I love words. But I make art about inarticulate types of experience and the insufficiency of words in communication.

My work hinges on interactions between observation/abstraction, drawing/painting, visual/acoustic, beauty/trauma, intuition/ideas and the articulated/the unsaid.

Whether working in ancient woodlands, a city shopping centre, or collaborating with other creative practitioners, I’m interested in the emergence of visual form for human experiences that aren’t readily put into words.

And the allusive qualities of watercolour and soluble drawing media echo the fluidity both of recall and of emerging perception in the present moment.

So a cloud of marks becomes communicative but impossible to translate precisely. An illegible calligraphic line gestures to that which cannot be written. And the abstract indicates what remains unsaid in the shadows of relationships or unsayable in intense emotional experience.

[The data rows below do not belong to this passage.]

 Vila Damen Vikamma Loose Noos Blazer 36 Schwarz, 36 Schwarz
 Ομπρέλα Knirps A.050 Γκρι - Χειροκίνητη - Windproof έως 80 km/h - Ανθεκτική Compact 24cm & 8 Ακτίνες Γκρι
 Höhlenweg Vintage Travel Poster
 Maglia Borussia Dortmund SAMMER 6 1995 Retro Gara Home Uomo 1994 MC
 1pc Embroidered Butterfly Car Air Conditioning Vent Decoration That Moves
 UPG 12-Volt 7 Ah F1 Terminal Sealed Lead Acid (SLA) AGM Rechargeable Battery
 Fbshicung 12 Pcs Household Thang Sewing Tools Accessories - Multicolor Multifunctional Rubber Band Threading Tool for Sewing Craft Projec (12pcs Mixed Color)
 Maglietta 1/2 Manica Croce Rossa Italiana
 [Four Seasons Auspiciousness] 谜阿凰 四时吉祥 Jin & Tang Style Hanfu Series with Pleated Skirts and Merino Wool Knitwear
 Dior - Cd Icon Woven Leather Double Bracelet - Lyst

With a cross-disciplinary background in literature and psychotherapy, my work is influenced by literary and forest mythologies, philosophies about how we know what we ‘know,’ and psychotherapeutic understandings of what can and cannot be said. And, in landscape, an inexplicable but profound sense of place.

www.ellaclocksin.com

Instagram: ellaclocksin_artist_studio

Amanda Bee
Control Tower Gllery & 35 Kings Hill Ave

My abstracted landscape paintings seek to explore the spirit, features and qualities of the places we call home. I paint landscapes I know well creating remembered experiences, fragments of time, sounds, colour, movement. A recreation of place which is deeply personal. I am interested in the areas that pull us back, the places we visit over and over and never tire of. The landscapes we carry with us, which hold our memories and fill us with joy. For me these are specific places in my home County of Somerset and nearby Wiltshire, the wildlife marshes around Gibraltar Point in Lincolnshire, the coast and wild spaces of Cornwall and the beautiful rural landscapes of Italy. I work with paint, collage, pencils, oil pastels and water-soluble crayons creating mixed media pieces full of colour. Bold, sensitive, emotional responses to landscapes forever changing and marked by the human hand, nature and time.

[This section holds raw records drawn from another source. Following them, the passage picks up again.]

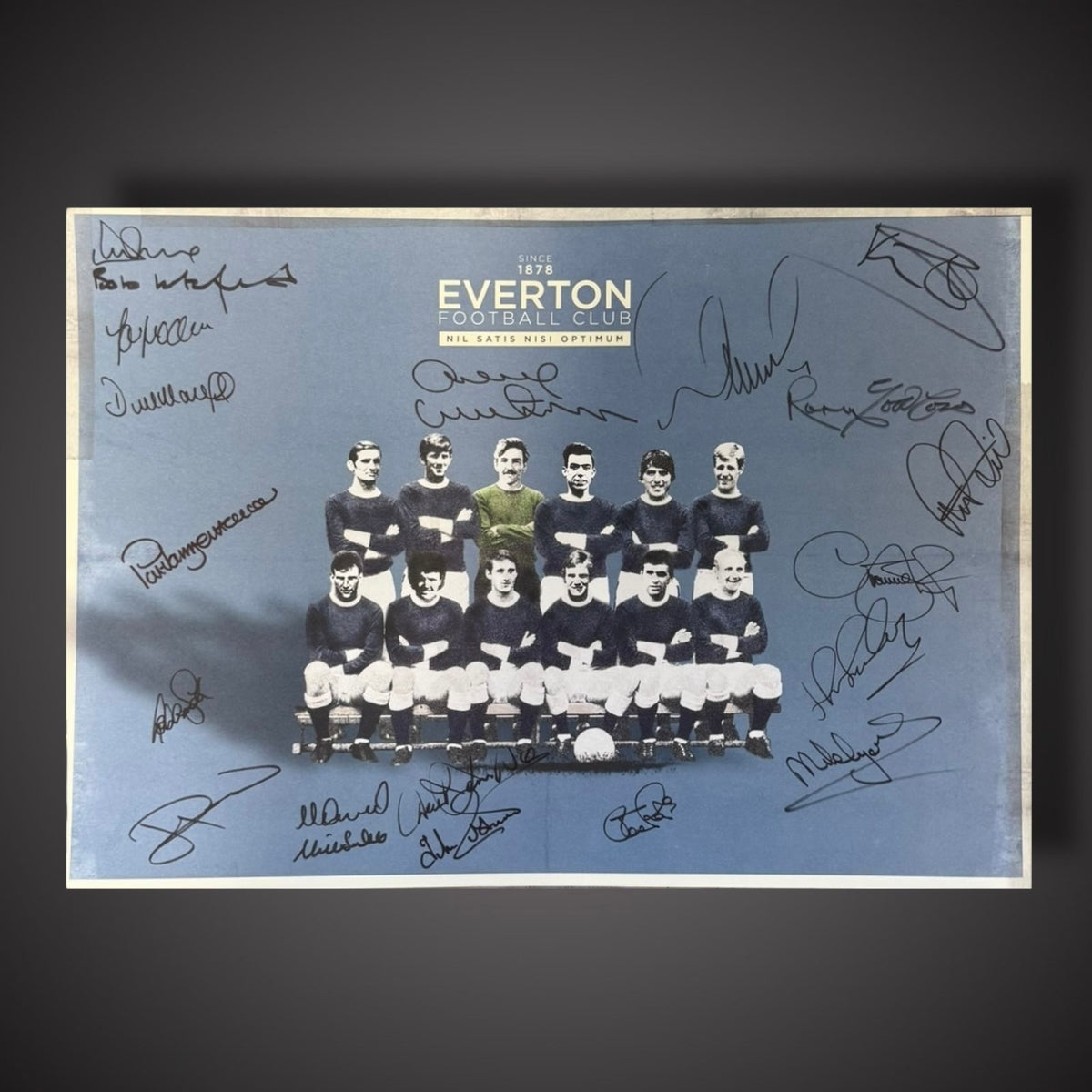 Everton Hand Signed 10+ Signatures Football Team Photo With COA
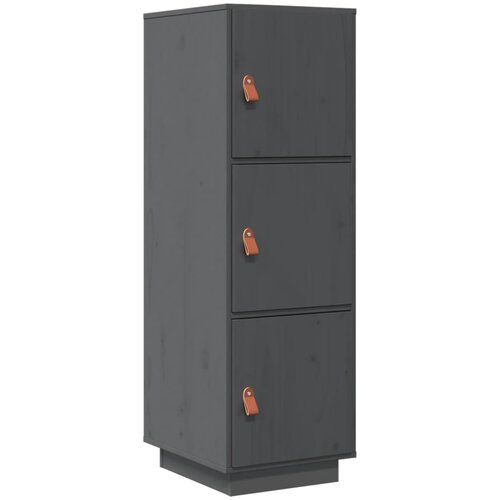 Maison Chic Visoka omara - Komoda - Predalnik siva 34x40x108,5 cm trdna borovina, (21720037) Cene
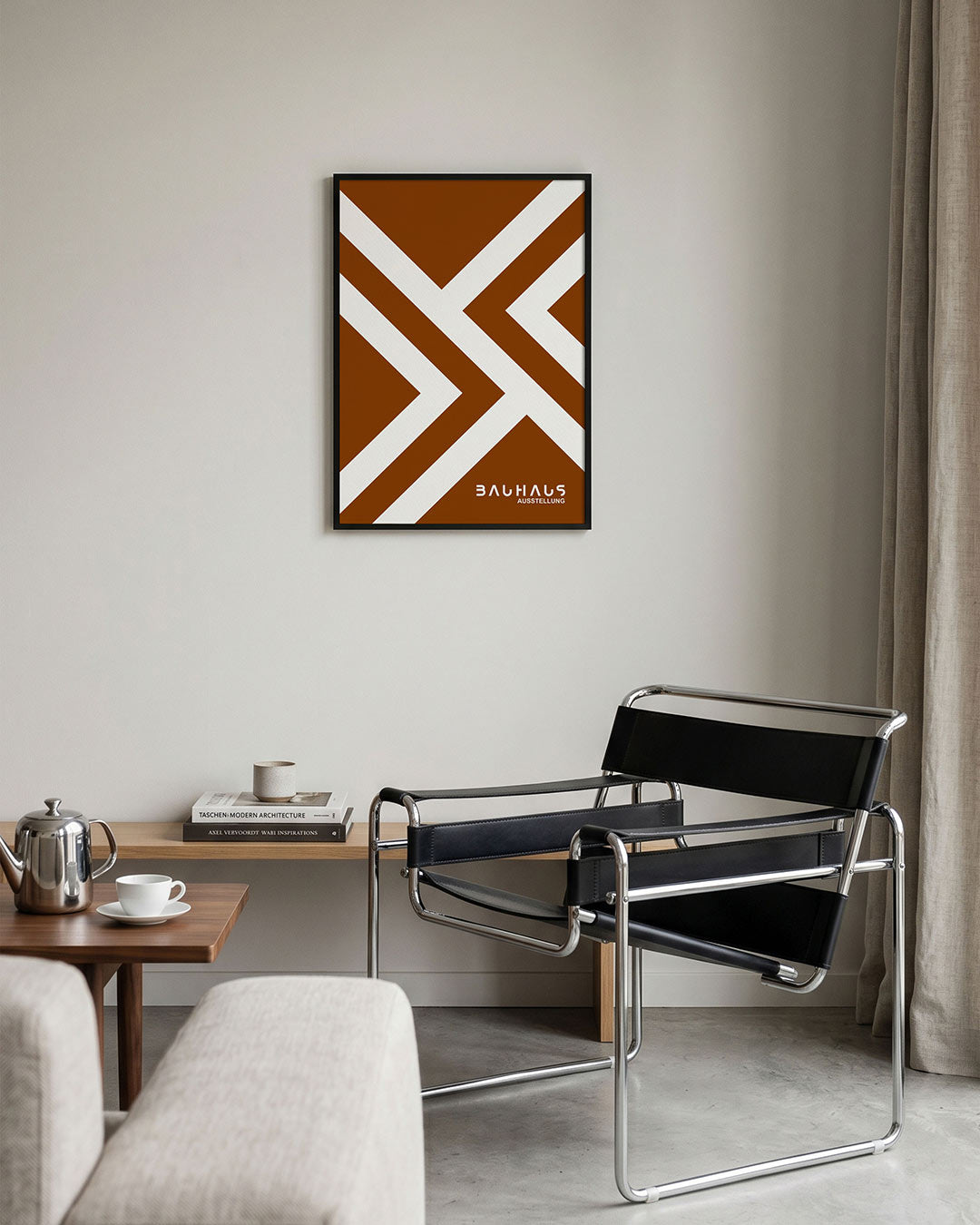 Lijnen en vlakken – geometrische Bauhaus poster in staand formaat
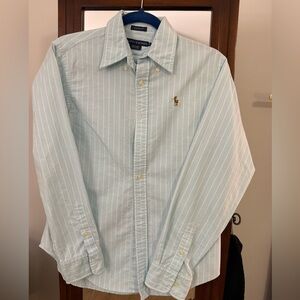 Ralph Lauren Men's Sky Blue Pinstripe Shirt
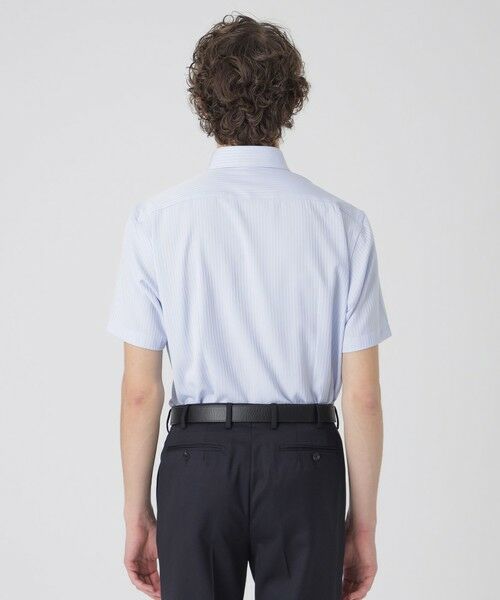 BLUE LABEL / BLACK LABEL CRESTBRIDGE / ブルーレーベル / ブラックレーベル・クレストブリッジ  シャツ・ブラウス | 【一部店舗限定】テクニカルシャドーストライプハーフボタンダウンシャツ | 詳細8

I am originally from Lincolnshire where I trained at Lincoln College of Art and later completed a Degree in Fine Art and Social Context at UWE Bristol. Since graduating I have made the South West my home settling in Frome, Somerset. I work from a studio in the Silk Mill, a beautifully converted building in the centre of Frome. I am a fully qualified Adult Education tutor and teach weekly classes, one day workshops and online courses. I have curated several art exhibitions for my students at the Black Swan Gallery in Frome.

www.amandabeeart.co.uk

Instagram: amandabeeartist

 

Kirsten Reynolds
Control Tower Gallery & 30 Tower View

Kirsten Reynolds makes art that deals in revelation. Working in drawing, sculpture, installation, painting, print, photography and sound she makes radical re-interpretations of classical and traditional themes and is often inspired by historical, scientific and philosophical ideas concerning the natural world. Following in the footsteps of the Dadaists and Futurists, Reynolds uses unusual combinations of modern and ancient techniques and materials to create intuitive and uniquely personal works.

www.kirstenreynolds.co.uk

Instagram: reynolds_art

Diccon Dadey
Control Tower Gallery, 11 Tower View and 17 Kings Hill Ave

Most sculptures are fabricated entirely from sheet metal but some introduce mixed media in the form of salvaged or drift wood to enhance the representation of nature.  Others are made entirely from scrap metal: reusing materials and reforming them into a beautiful piece of art which reflects nature and which, somehow, seems a fitting way of demonstrating the ongoing worth of the materials often so readily discarded.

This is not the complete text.